SZenario:Tattoos und Tradition

Residenz, Max - Joseph Saal, Lodenfrey 175 Jahre

Kirsten und Herbert Frey feiern im Max-Joseph-Saal der Residenz das 175-jährige Bestehen ihrer Firma Lodenfrey.

(Foto: Florian Peljak)

175 Jahre: Lodenfrey feiert im Max-Joseph-Saal der Residenz

Von Thomas Becker

Dass er mal im Max-Joseph-Saal der Residenz Jubiläum feiern würde, hätte sich Herbert Frey nicht träumen lassen, als er 1950 in die Firma einstieg. "So groß haben wir früher nicht gefeiert", erzählt der 88-Jährige und zeigt auf den Trubel vor ihm: 200 Gäste aus Politik, Wirtschaft, Adel sowie Partner und Freunde des Hauses sind zur 175-Jahr-Feier von Lodenfrey gekommen. Willy Bogner und Detlev von Wangenheim tauschen sich über Lieblingstennisplätze aus, Haus-Stylist Dan Popa gewinnt mit güldenem Schuhwerk zum roten Samt-Jacket die Tageswertung "Auffälligstes Outfit" vor Regine Sixt, die selbst auf sehr silbernen Pumps steht. Branchengrößen wie Paul Falke, Jacopo Etro und Gerhard Wöhrl sind ebenso da wie Hotelchefin Innegrit Volkhardt, die sehr froh über den Nachbarn am Promenadeplatz ist: "Wir haben viele Gäste, die nur fünf Minuten Zeit haben, um eine Tracht zu kaufen - das hat bislang jedes Mal geklappt: über die Straße und hoch in den dritten Stock!" Auch die Designer Johnny Talbot und Adrian Runhof schütteln Herbert Frey die Hand. Er muss seine Gäste im Sitzen begrüßen, eine Hüft-OP zwingt ihn dazu.

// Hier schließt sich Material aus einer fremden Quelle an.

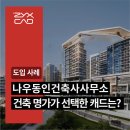 (주)야긴건축사사무소 | 건축 명가 ‘나우동인건축사사무소’, 오토캐드에서 국산CAD 직스캐드 AX로 전환하다 ZYXCAD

Gefeiert habe man früher auch, aber meist in den Läden, erzählt Frey: "Zum 150. Geburtstag haben wir in der Fabrik ein kleines Oktoberfest aufgebaut. Gäste aus Amerika wollten das unbedingt mal sehen."

1842 beginnt Johann Georg Frey damit, einfache, glatte Wollstoffe zu fertigen. Der wasserabweisende Loden bringt ihm auf der Pariser Weltausstellung 1855 die Goldmedaille, wenig später trägt der Adel samt Kaiser Franz Joseph den Loden zur Jagd und macht ihn damit hoffähig. Doch wie das so ist mit Traditionsunternehmen: Man darf nicht im Gestern stecken bleiben. Aber wer sieht, wie brusthoch tätowierte Barkeeper aus dem "Holy Taste" ihre Cocktails unters feingewandete Volk bringen, der muss sich um die Neuausrichtung der Marke nicht sorgen. Ein Verdienst, das Ralph-Michael Nagel, ein Ur-Ur-Enkel des Gründers, dem geschäftsführenden Gesellschafter Markus Höhn zuschreibt. Der erzählt vom Sommerfest mit den 450 Angestellten, entschuldigt Bürgermeister Josef Schmid ("grippaler Infekt inklusive totalem Stimmverlust") und berichtet Joachim Herrmann, dass man bei den Ladenöffnungszeiten noch Spielraum sehe. So konkret will Bayerns Innenminister lieber nicht werden, hält dafür aber eine donnernde Laudatio, die in dem Satz gipfelt: "Bei Ihnen ist unser weißblaues Lebensgefühl greifbar!"

Charmanter kommt da schon Ermenegildo Zegna daher. Der langjährige Partner der Lodenmänner bekreuzigt sich vor seiner Rede - weil er auf deutsch sprechen will. Als Kind hatten ihn die Eltern im Sommer immer nach Dießen am Ammersee geschickt. Logisch, dass die erste deutsche Zegna-Niederlassung in München öffnete. Man habe dieselben Gene, teile dieselben Werte, meinte Zegna: "Wir ziehen Genugtuung aus der Zufriedenheit der Kunden."